However, in the same field of endeavor, Lee teaches this limitation as, (paragraph 15 of Lee, the present technology provides an innovative way for a server to automatically identify and authenticate a user of a mobile application such as, for example, an instant messaging application executing on a wireless communications device. The device communicates to the server a unique device identifier (e.g. a PIN number, ESN, IMEI or other code or number that uniquely identifies the wireless device) and an e-mail address (that is linked to the device). The server associates the unique device identifier and e-mail address with a registration identifier. The registration identifier, e-mail address and unique device identifier thus form a triplet that can be used to identify and authenticate the user even if the user changes the unique device identifier (e.g. by switching devices) or changes his e-mail address).
Therefore, it would have been obvious to one of ordinary skill in the art before the effective filing date of the claimed invention to modify the teaching of Ting and include the above limitation using the teaching of Lee in order to secure the computing system by authenticating the user based on multiple authentication identifier and make the authentication process strong (see paragraph 15 of Lee).

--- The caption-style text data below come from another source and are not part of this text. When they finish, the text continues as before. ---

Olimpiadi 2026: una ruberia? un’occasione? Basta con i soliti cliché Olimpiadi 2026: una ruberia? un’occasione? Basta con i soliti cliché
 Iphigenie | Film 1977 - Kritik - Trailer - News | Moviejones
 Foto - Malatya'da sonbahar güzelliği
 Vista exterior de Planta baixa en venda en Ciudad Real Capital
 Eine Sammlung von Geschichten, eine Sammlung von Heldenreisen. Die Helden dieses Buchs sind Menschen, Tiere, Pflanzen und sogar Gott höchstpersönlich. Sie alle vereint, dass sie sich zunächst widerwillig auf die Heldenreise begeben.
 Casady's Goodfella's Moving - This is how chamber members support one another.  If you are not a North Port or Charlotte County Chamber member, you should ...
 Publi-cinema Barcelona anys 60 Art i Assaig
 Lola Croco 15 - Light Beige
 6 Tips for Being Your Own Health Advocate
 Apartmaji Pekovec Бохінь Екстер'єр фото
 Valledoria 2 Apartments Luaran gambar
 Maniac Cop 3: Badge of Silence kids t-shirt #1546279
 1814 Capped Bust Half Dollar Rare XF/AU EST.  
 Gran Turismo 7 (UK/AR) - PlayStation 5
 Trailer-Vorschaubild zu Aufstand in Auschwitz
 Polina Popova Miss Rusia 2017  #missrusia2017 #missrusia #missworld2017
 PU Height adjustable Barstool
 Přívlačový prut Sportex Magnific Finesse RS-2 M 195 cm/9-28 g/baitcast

The combination of Ting and Lee teaches the method of correlating the user identity information including identity of the user (i.e., name or employee ID) and identity of the device (i.e., phone number) into a single contextualized identity for the user (see paragraphs 81 and 88 of Ting) but fail to clearly disclose the method of having a process that comprising a cryptographic identifier derived from the executing application.
However, in the same field of endeavor, Savanah teaches this limitation as, (paragraph 81 of Savanah, he second hash value (H2) may be determined based on the hash of the concatenation of the data (D1) and the executable (or hash of the executable, that is, the first hash value (H1)) of the computer software. In a further example, the second hash value (H2) may be determined based on the hash of the concatenation of the data (D1), the executable (or hash of the executable) of the computer software and additional information) and (paragraph 82 of Savanah, additional information may comprise a public key of the first user 23 (PU1) or second user 24 (PU2). In a further example the additional information may comprise an identifier of an entity associated with the first user 23 or second user 24).
Therefore, it would have been obvious to one of ordinary skill in the art before the effective filing date of the claimed invention to modify the teaching of Ting and Lee to include the above limitation using the teaching of Savanah in order to ensuring and verifying authorized use/control of computing system (see paragraph 1 of Savanah).
Claims 7 and 13 are rejected under the same reason set forth in rejection of claim 1.
As per claim 2 Ting in view of Lee and further in view of Savanah discloses:
The method of claim 1, wherein determining to enforce the policy based on the authentication of the contextualized identity and at least one piece of contextual information comprises one or more of granting access to the resource, denying access to the resource, or throttling access to the resource. (Paragraph 11 of Ting, the request is received from a remote-access server acting as a proxy and/or gateway for the secure computer system. The user authentication credentials can include one or more of a user identification code, a secure access code, biometric data, a badge ID, a screen name, and/or a password for granting a user's request to access to secure applications).
Claims 8 and 14 are rejected under the same reason set forth in rejection of claim 2.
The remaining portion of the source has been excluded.